In general the article is well-written, clear and to the point. But this part could use more clarification: “The TruSeq protocol had a noticeably higher mean correlation coefficient than any of the other protocols” Some additional description of how the correlation coefficient was computed would be helpful here. It was not immediately clear to me whether this correlation coefficient was computed between technical replicates of the same experiment (i.e. correlation of the linear regression over all spike in concentrations) or between different experiments (i.e. correlation of the gene expressions over all genes between experiments using different spike-in concentrations). In addition, how was the mean correlation coefficient obtained? Was it by computing the coefficient over all pair-wise combinations, then taking the average? Or was it the mean over some randomly chose pairs?

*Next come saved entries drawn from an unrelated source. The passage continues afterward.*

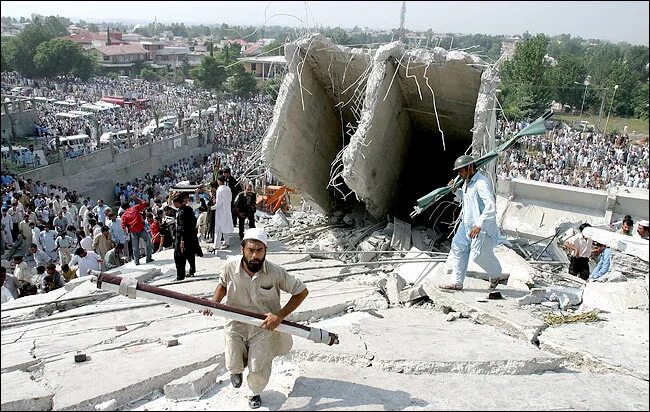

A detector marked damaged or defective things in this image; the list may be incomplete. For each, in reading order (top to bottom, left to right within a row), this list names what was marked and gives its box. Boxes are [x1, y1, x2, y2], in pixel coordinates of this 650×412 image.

damaged structure [260, 33, 494, 220]
broken concrete slab [576, 280, 648, 312]
broken concrete slab [536, 308, 648, 380]
broken concrete slab [0, 370, 53, 412]
broken concrete slab [162, 366, 223, 400] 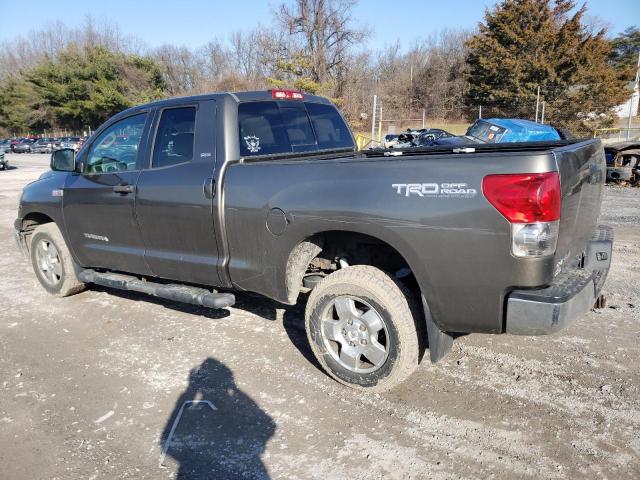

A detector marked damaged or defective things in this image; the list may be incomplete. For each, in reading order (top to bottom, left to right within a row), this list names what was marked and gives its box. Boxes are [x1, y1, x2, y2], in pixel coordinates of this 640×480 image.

wrecked vehicle [15, 91, 612, 394]
wrecked vehicle [604, 142, 640, 185] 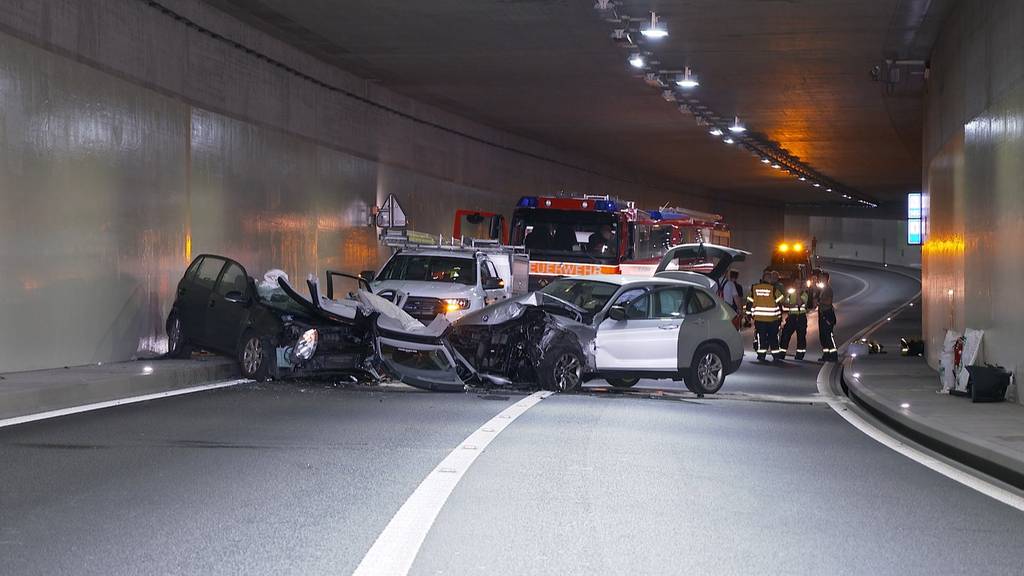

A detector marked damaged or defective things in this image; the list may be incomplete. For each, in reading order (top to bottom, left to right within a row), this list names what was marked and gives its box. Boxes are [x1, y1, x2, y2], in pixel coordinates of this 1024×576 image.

crushed black car [166, 253, 378, 380]
damaged white suv [374, 243, 744, 396]
destroyed silver car [372, 243, 748, 396] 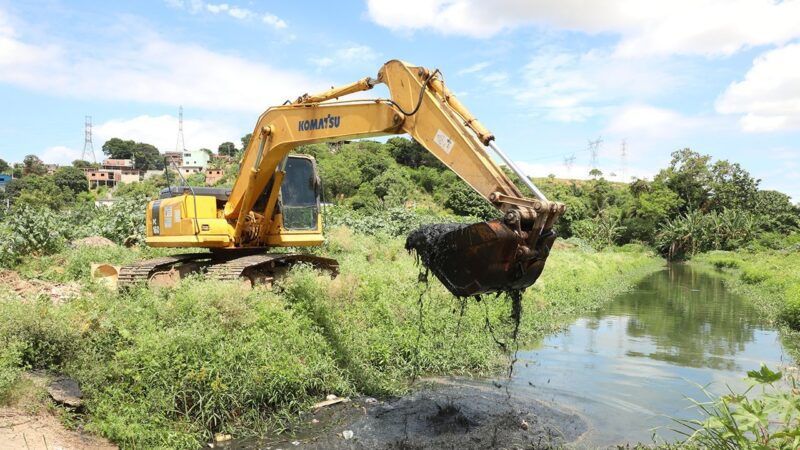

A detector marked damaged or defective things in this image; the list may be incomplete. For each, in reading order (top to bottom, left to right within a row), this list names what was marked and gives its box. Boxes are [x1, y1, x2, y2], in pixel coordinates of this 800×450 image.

rusty bucket [406, 220, 556, 298] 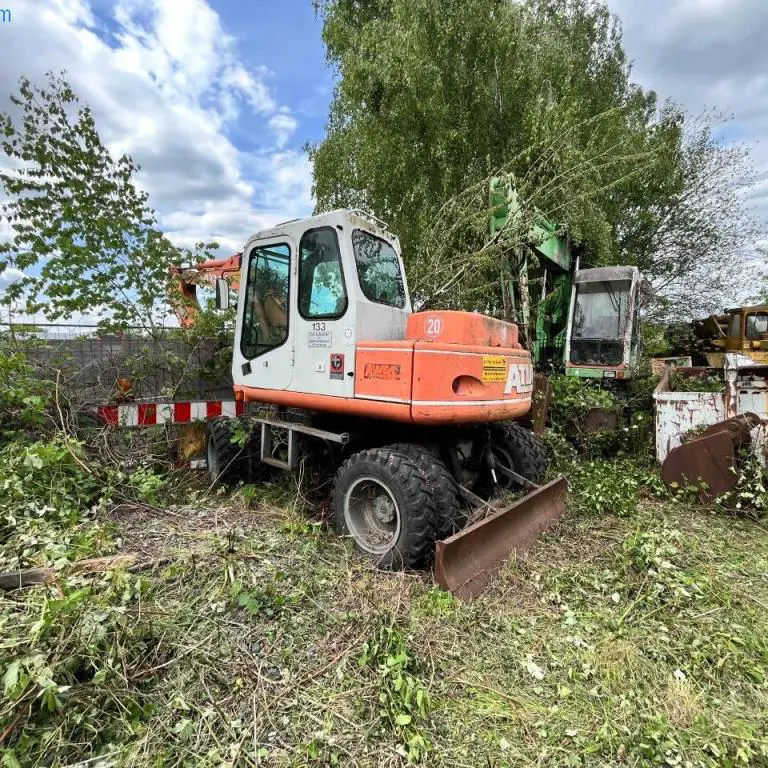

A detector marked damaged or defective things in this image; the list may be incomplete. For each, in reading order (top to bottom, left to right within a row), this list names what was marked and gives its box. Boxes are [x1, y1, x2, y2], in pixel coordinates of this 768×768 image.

rusty dozer blade [660, 412, 760, 500]
corroded metal [436, 474, 568, 600]
rusty dozer blade [436, 480, 568, 600] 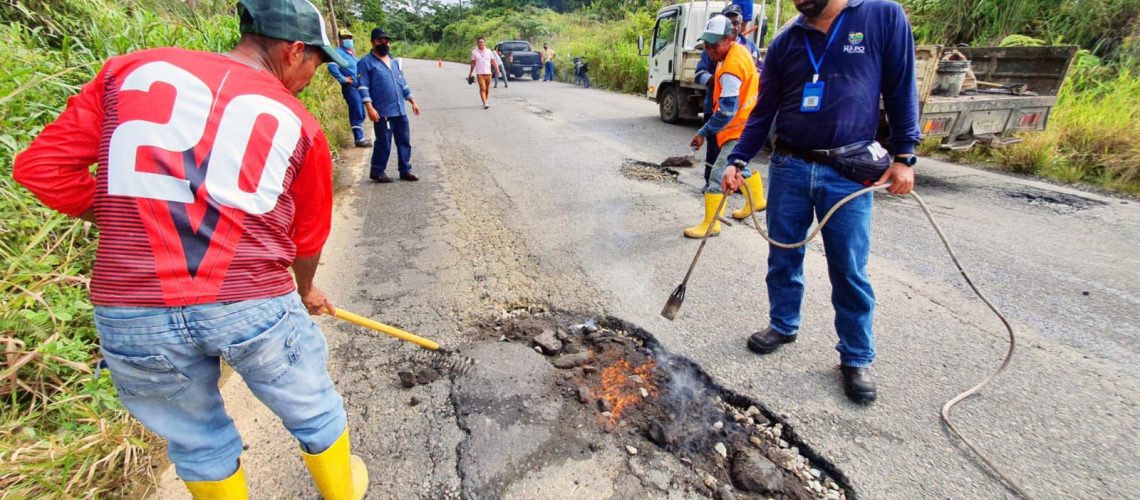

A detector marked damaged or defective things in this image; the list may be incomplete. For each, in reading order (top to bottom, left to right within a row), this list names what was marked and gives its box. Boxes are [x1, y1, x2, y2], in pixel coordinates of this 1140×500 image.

cracked asphalt [153, 60, 1140, 498]
pothole in road [629, 158, 679, 184]
pothole in road [1007, 186, 1103, 211]
pothole in road [440, 305, 852, 500] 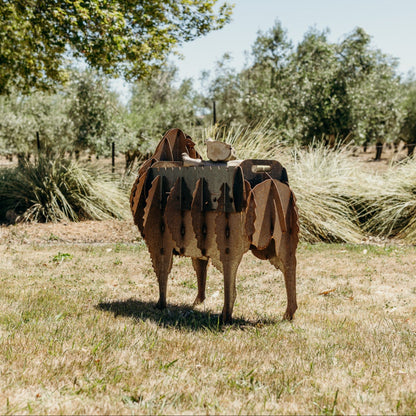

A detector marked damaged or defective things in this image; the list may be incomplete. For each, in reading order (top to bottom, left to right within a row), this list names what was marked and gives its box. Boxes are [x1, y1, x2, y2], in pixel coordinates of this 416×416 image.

The graphics and figures, however, need substantial work. First, the labels on the graphs in Figure 1 are not very descriptive or clear. Figure 1A axis label “normalized expression” needs to be more specific, either giving units, or have a description in the figure caption describing what this is, even though it is in the text it would make it easier for readers taking a quick look at the article to understand what is being plotted. Second, for the same figure, axis label “ng D. virilis” is too casual; something like “Concentration of D. virilis RNA (ng)” would be more appropriate. In addition, it would also be visually much more informative if the graph proportions were adjusted: since the objective of the normalization was to make the slope 1, a square graph would illustrate this point much more easily. Figures 1B-E have no y-axis labels, and the x-axes as well as axes numerals are not readable at all. Overall the resolution of the figures is also somewhat low, but I think this will probably be adjusted before publication. Similar complaints about text size and missing axes labels apply for Figure 2. Figure 3 also needs descriptive axes labels, not just “Slope 1”, “Slope 2”. In this figure, the plot area should be expanded so that the legend is not obscuring some of the data points at the top right. Finally, the figure referencing in the text is incorrect. (What is Figure 2.2?). All in all, the figures and their captions should be modified such that they are largely understandable on their own, without having to read extensively into the text.

Experimental design

The experimental design is appropriate, however, it would be helpful for the authors to provide more primary data such as that shown in Figure 1A, but for the other methods they tested as well, perhaps as part of supplemental data.

Validity of the findings

In Figure 1, the authors comment: “The mean correlation coefficient was statistically and practically indistinguishable between the Clontech samples and the SMART-seq2 samples (t-test p = .11, Figure 2.2).” and in Figure 1 show the “Distributions of slopes, intercepts, and correlation coefficient for linear regressions of the abundance of each gene”. I noticed that in these figures, although the mean of each is very similar, as the authors pointed out, the distributions of each method do display differences. For example, Clontech and TotalScript methods show a tail skew for the slopes and intercepts distributions, whereas the distribution of these same metrics for TruSeq shows symmetry. Can the authors comment on this difference, or provide additional data and or speculation as to why this might be or the origin of this difference?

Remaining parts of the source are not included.